Did it receive an OK response to the MAIL FROM command?
Did it receive an OK response to the RCPT TO command?
Did it receive an OK response to the DATA command?
Did it receive an OK response to the QUIT command?

If it passed all the way through the QUIT command, the message is now the responsibility of the system that received it from your Exchange server. If that system is under your administration, check there. If not, your troubleshooting has come to an end. You have verified that your system delivered the message successfully.

While this does not account for many situations, it does take a lot of the mystery out of troubleshooting. You can certainly dig deeper into SMTP and other (non-MS Exchange) systems, but I think this will start you on the way to becoming a troubleshooting guru. With an understanding of some of the concepts, you can read through technical articles and reference materials for more information.

Understanding basic SMTP commands and responses

There are only a few SMTP commands commonly used, and more importantly only a few responses that matter.

SMTP responses
Recipient systems will respond to each SMTP command with a numeric value and optional text. Any value in the 200-299 range is considered to be an "OK" acknowledgement.

HELO / EHLO
This is how the sending system opens an SMTP conversation with a recipient system that acknowledges a TCP 25 communication attempt. HELO is the original SMTP specification, EHLO is an ESMTP command. Parameters after the command are optional, although it should be noted that some recipient systems may attempt to match that against the domain name indicated by performing a reverse-DNS lookup of the sending IP address.

MAIL FROM:
This command displays the reply address of the sender.

RCPT TO:
This command displays the recipient address. Only one address is allowed per command, so messages with multiple recipients will show each separately.

DATA
This command signifies the start of the actual message. That includes what appears in the TO, CC, BCC, and Subject lines of the message. It includes the message body and attachments. None of that information is displayed in the SMTP log. ESMTP sending systems may declare the length of the message.

QUIT
This command requests a termination to the SMTP session.

Understanding the Queues view

For each server listed in the ESM, there is a folder called Queues. It displays the status of all connections the Exchange server is attempting to make. It will show the number of messages waiting to be sent.

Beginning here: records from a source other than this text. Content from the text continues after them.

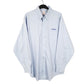 Mens Blue Brooks Brothers Leeson Long Sleeve Shirt
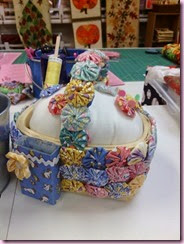 QSD-Yoyo sewing basket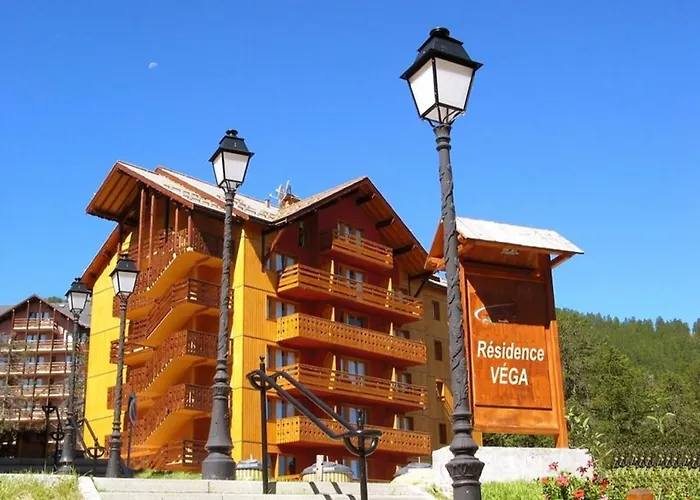 Vacancéole - Résidence Vega Risoul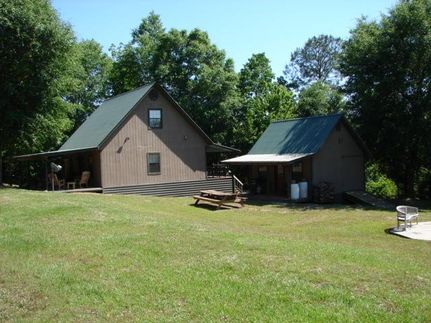 Recreational Property in Monroe County, Alabama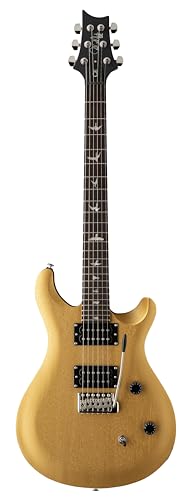 Amazon | SE CE24 Standard Satin Metallic Gold | エレキギター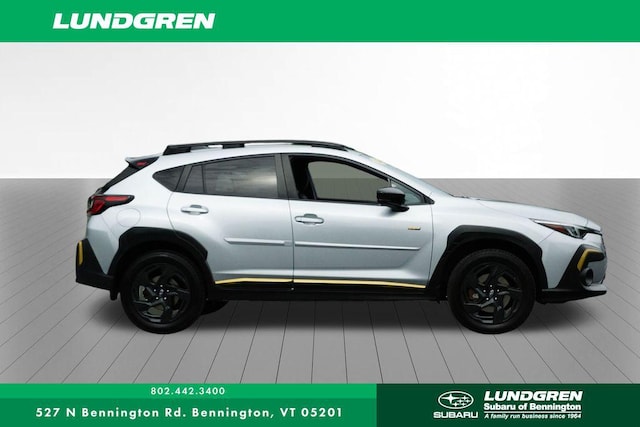2024 Subaru Crosstrek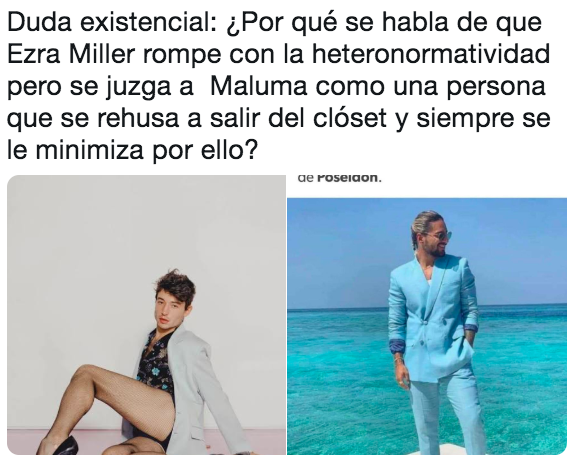 Memes de Maluma en el Mar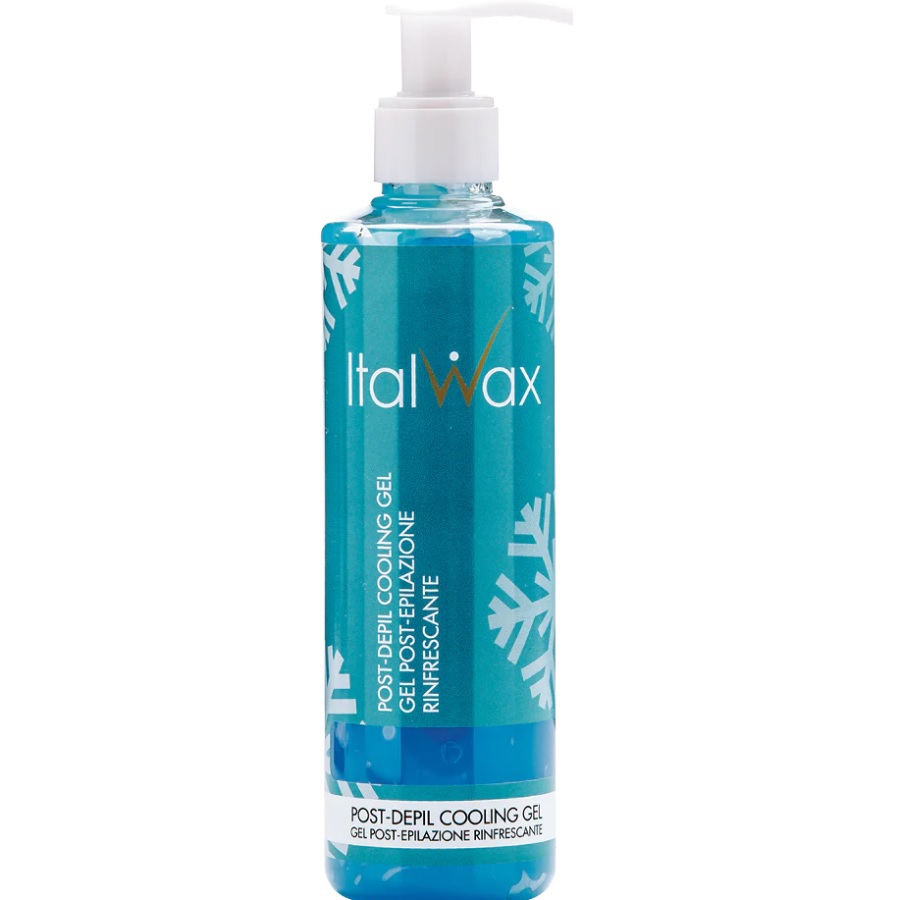 جل تبريد بعد الشمع بالنعناع 250 مل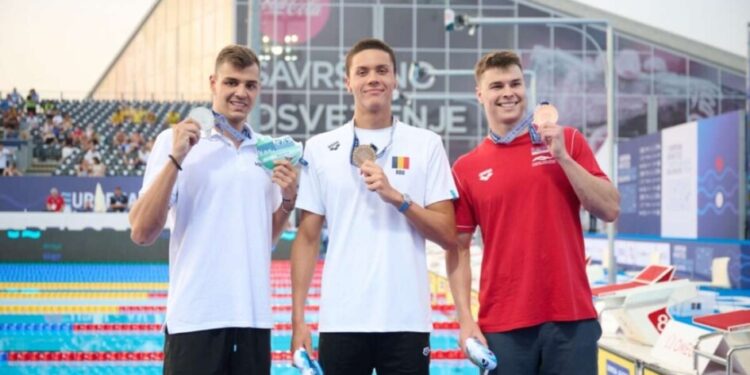 9 vezes que a barreira dos 47 segundos foi quebrada nos 100m livre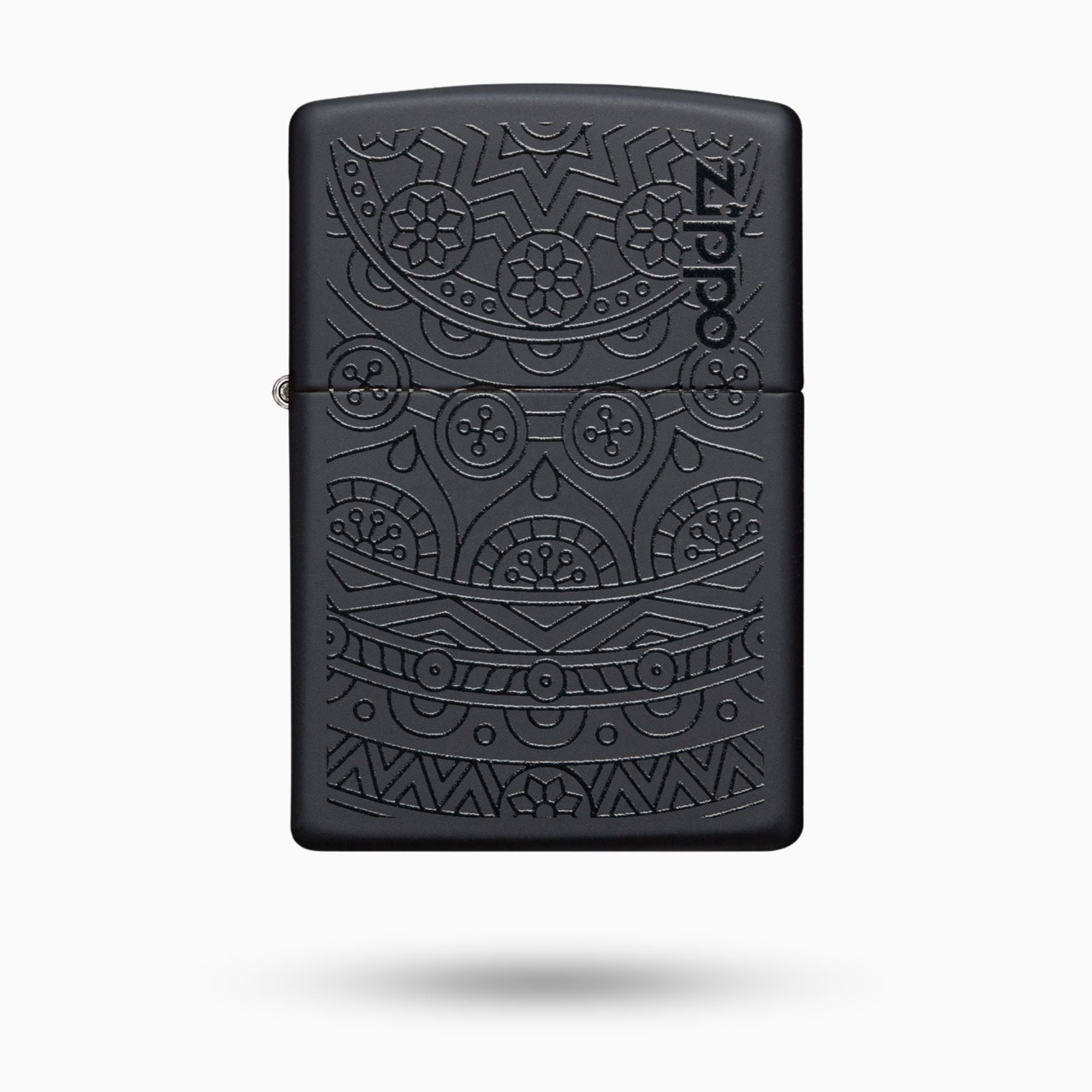 Zippo Tone On Tone Windproof Lighter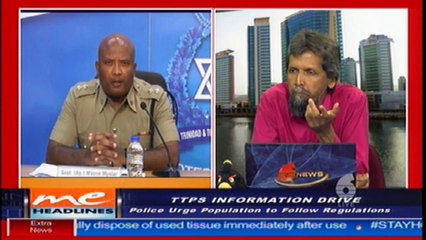 TTPS Information Drive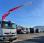 Benne basculante de chantier et de TP Renault Midlum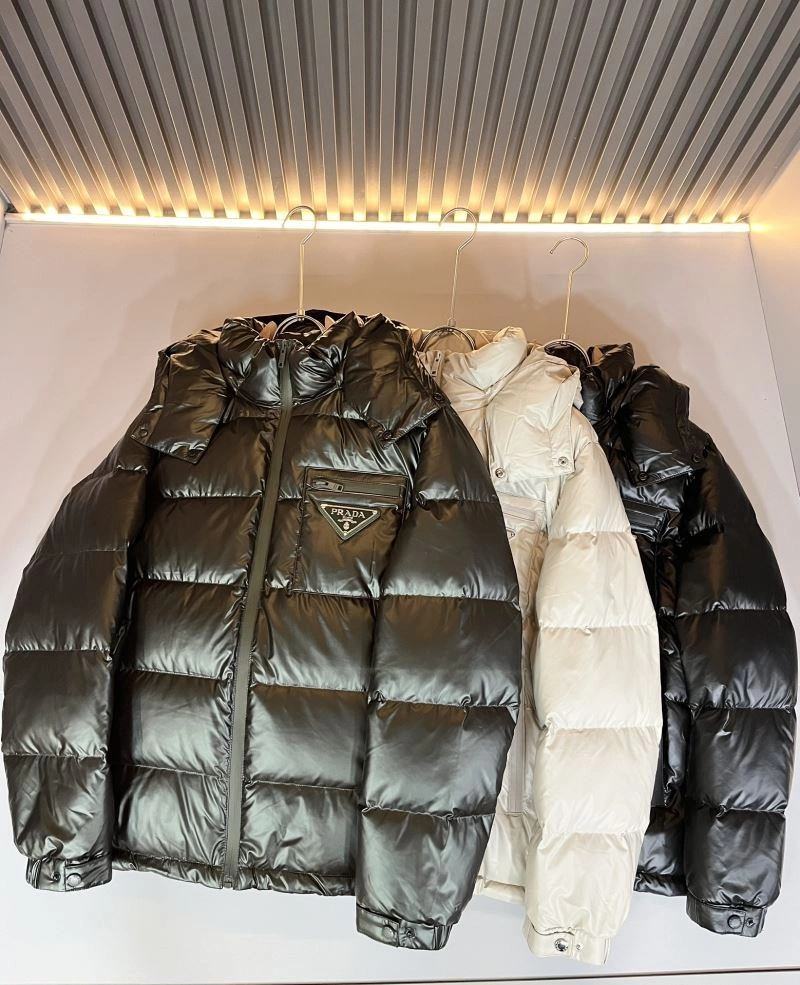 Trendy Prada Down Jackets 172084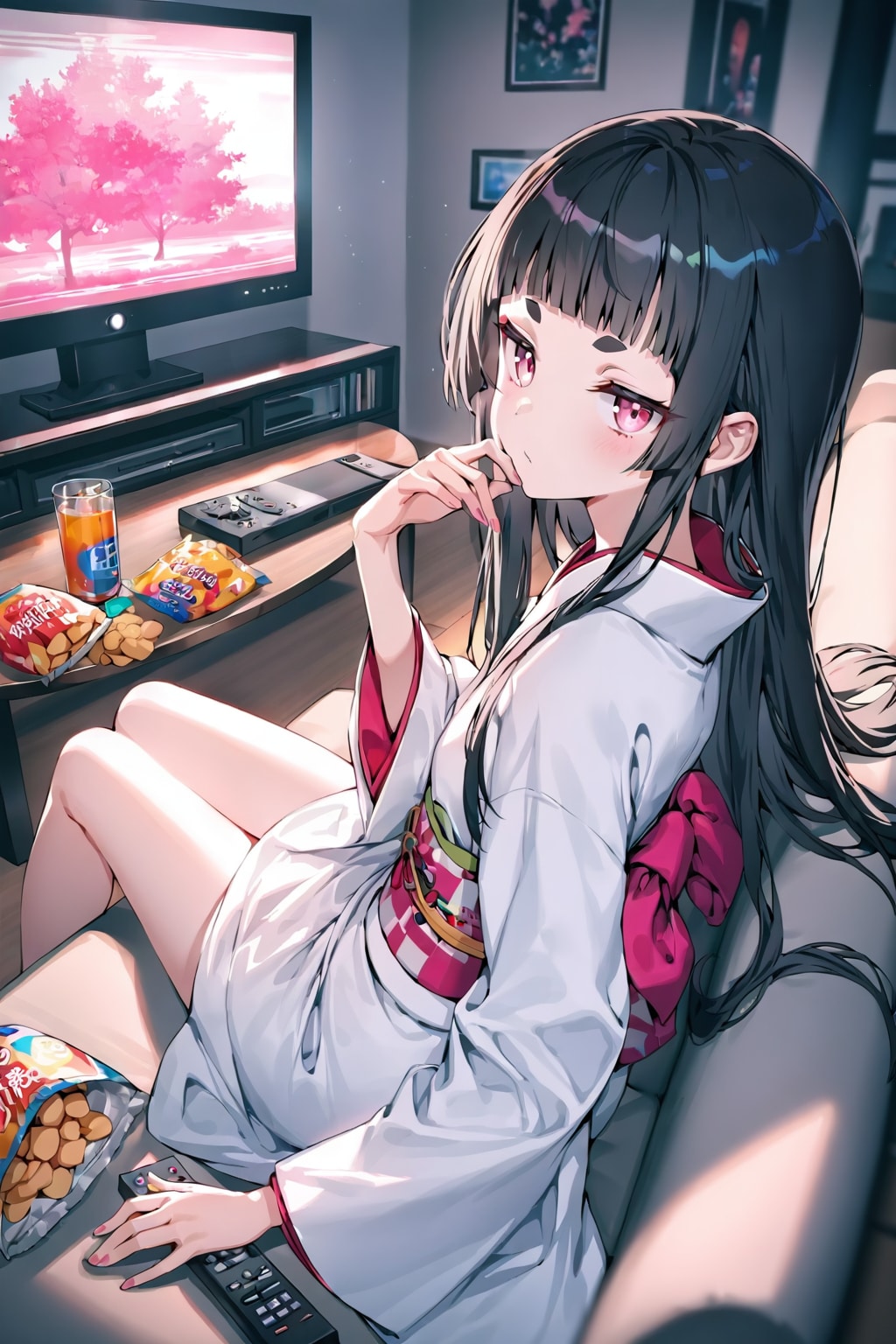 妖怪リモコン隠しさん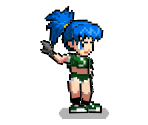 Leona - The King of Fighters AFK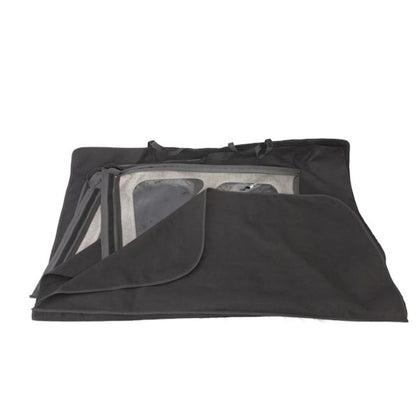 RUGGED RIDGE | 12107.05 | Window Storage Bag, 07-16 Jeep Wrangler(Jk)4Dr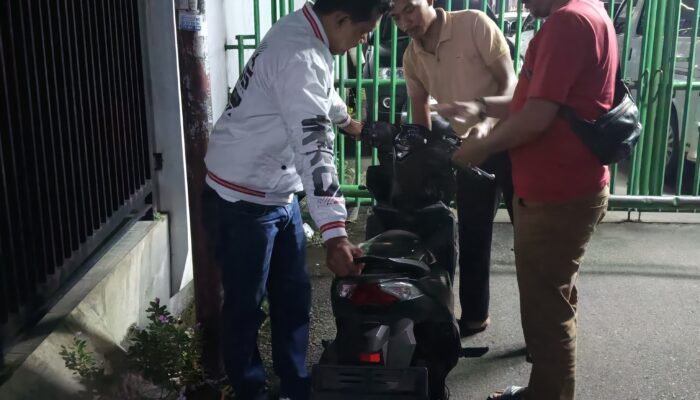 Dari Pengembangan Kasus, Polisi Temukan Dua Motor Diduga Hasil Curanmor di Kelapa Gading dan Sunter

For any of the individual messages, you can see the sender, recipients, subject, and size. You can also see if a particular message is a Non-Delivery Report (NDR).

Messages that stay in the queue typically indicate a transmission problem. It could be that the destination domain doesn't exist, or that the destination domain is refusing your transmission, or that the destination domain is having a problem receiving messages. In any case, if a message stays in the queue, Exchange will attempt to send it again later.

Understanding the SMTP log

Starting with Exchange 2003, all inter-server communication is by default done via SMTP. This makes the SMTP log a convenient way to see the high-level communication between your Exchange server and other SMTP systems. In particular, the SMTP commands and the responses to those commands.

Depending upon the amount of traffic your Exchange server handles, SMTP logs can get large. There is no automatic purging, so carefully consider where you are storing the log files. It is enabled/disabled on the General tab of the Default SMTP Virtual Server properties.

One of the unfortunate issues with the SMTP log is that there is no thread-organization. In other words, it is not possible to tell which log entry belongs to which thread. The entries are posted in the order received. If multiple threads are running concurrently, the entries will all be mixed together. That said, you can typically figure it out because of the sending address and recipient address.

Understanding Message Tracking

Message Tracking (MT) is a tool that is part the Exchange System Manager (ESM). It reports what a given Exchange server does with particular messages. Note that tracking ends when the message leaves that Exchange server. If the message goes to another Exchange server, you can consult MT on that other server for more information.

MT can be used to determine if a message was delivered to a mailbox, or to another system. If the tracking ends without the message being delivered, you will see what Exchange was doing last. That can give clues as to what the underlying issue is.

MT can be enabled or disabled. Open the properties of the Exchange server. On the General tab there is a checkbox to Enable Message Tracking. There are also settings for log location and retention.

What's a Relay?

A Relay is essentially any system that accepts and forwards mail to SMTP domains for which it does not act authoritatively. That's a mouthful - what does that mean exactly? Let's say you address a message to uemurad@yahoo.com and send it to my corporate server. If my server accepts and forwards the message, my server is a relay. If my server accepts and forwards all messages from everyone, it's an open relay. Open relays are considered bad because Spammers find and utilize them to help disguise the source of the spam. Being an Open Relay is bad because recipient systems will see the spam coming from your system and will quickly degrade your reputation. You can end up on blacklists then have your legitimate messages rejected.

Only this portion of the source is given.